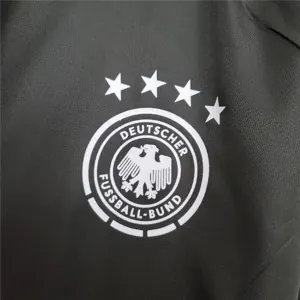 20-21 Germany black windbreaker 5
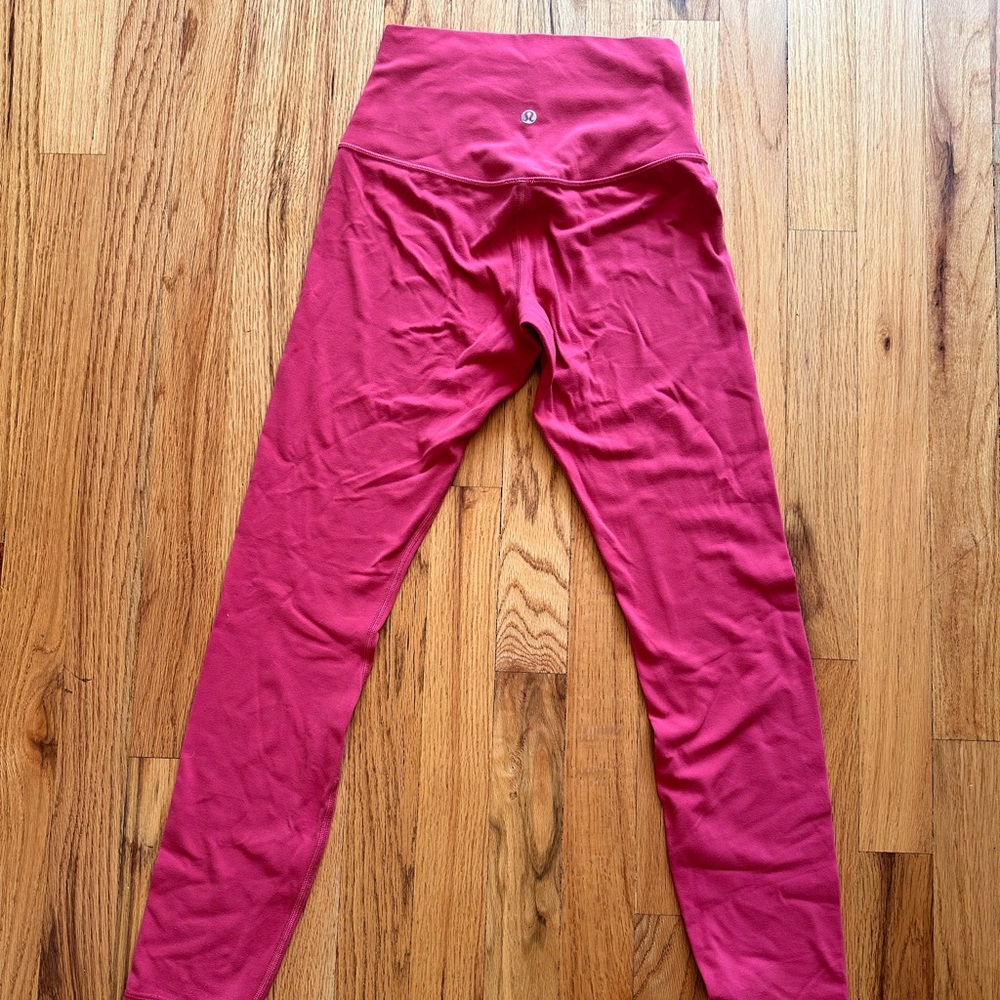 Lululemon pink align legging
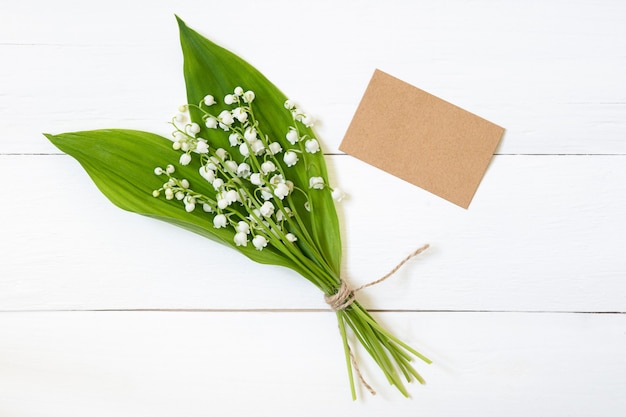 Boeket bloemen lelietje-van-dalen en lege tag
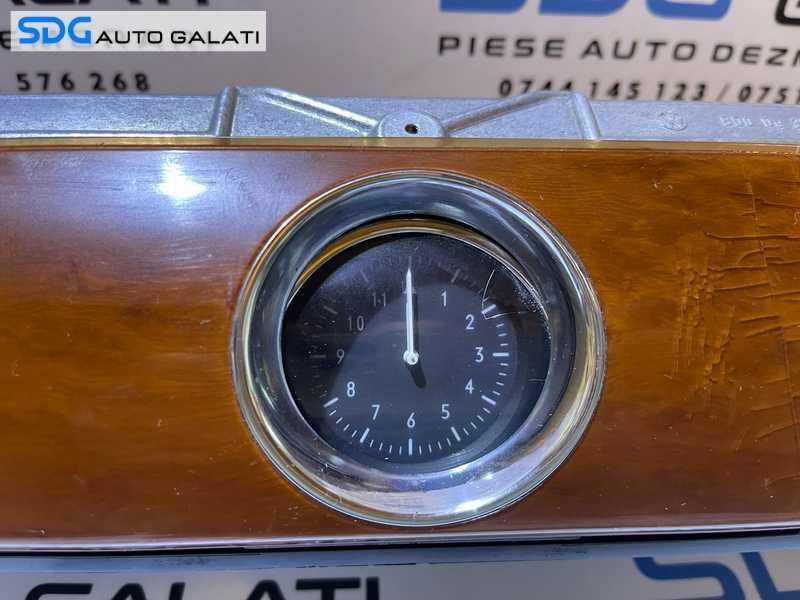 Gura Grila Aer Ventilatie Aerisire Centrala cu Ceas Bord si Capac VW Phaeton 2002 - 2010 Cod 3D1819144 3D0919204 3D0820511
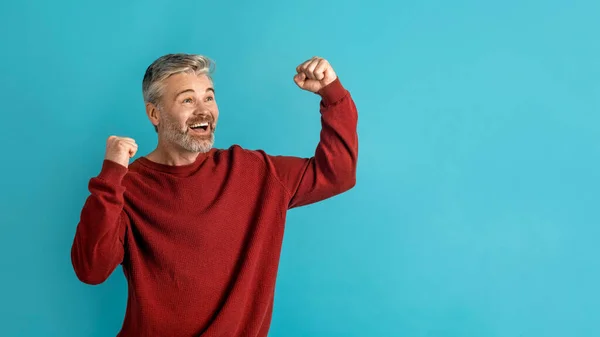 Emocional Hombre Mediana Edad Guapo Feliz Suéter Rojo Exclamando Apretando —  Fotos de Stock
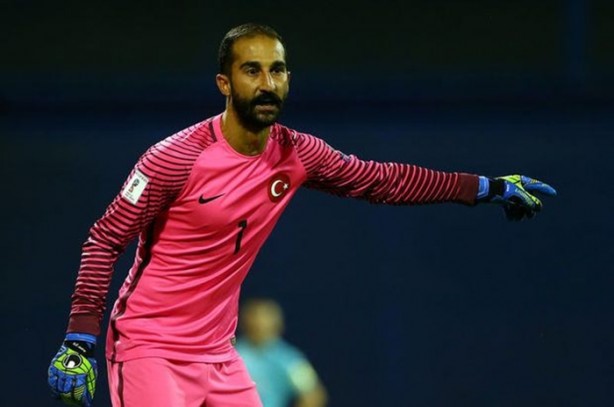 Futbolcular ne kadar kazanıyor biliyor musunuz?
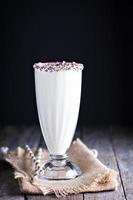 weißer Schokoladenmilchshake in hohem Glas foto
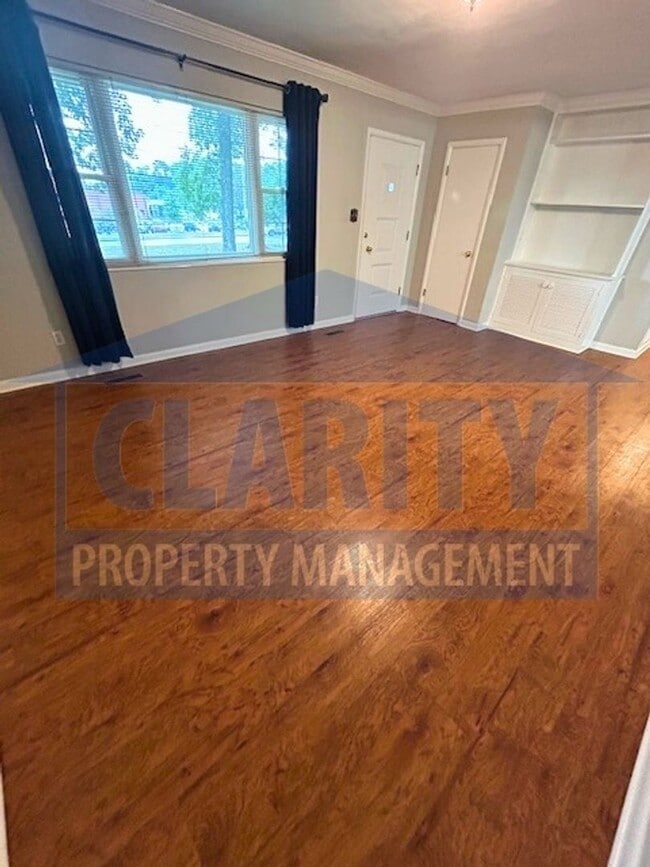 Photo - Centrally located, three bedroom home!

------------------------------------------------------------

- Task directions -
Only the lines from the one with "Emocional Hombre Mediana" through the final line of the data should be written out, exactly and including both ends. Skip the pictures.

- Response -
 Emocional Hombre Mediana Edad Guapo Feliz Suéter Rojo Exclamando Apretando —  Fotos de Stock
 Futbolcular ne kadar kazanıyor biliyor musunuz?
 weißer Schokoladenmilchshake in hohem Glas foto
 Photo - Centrally located, three bedroom home!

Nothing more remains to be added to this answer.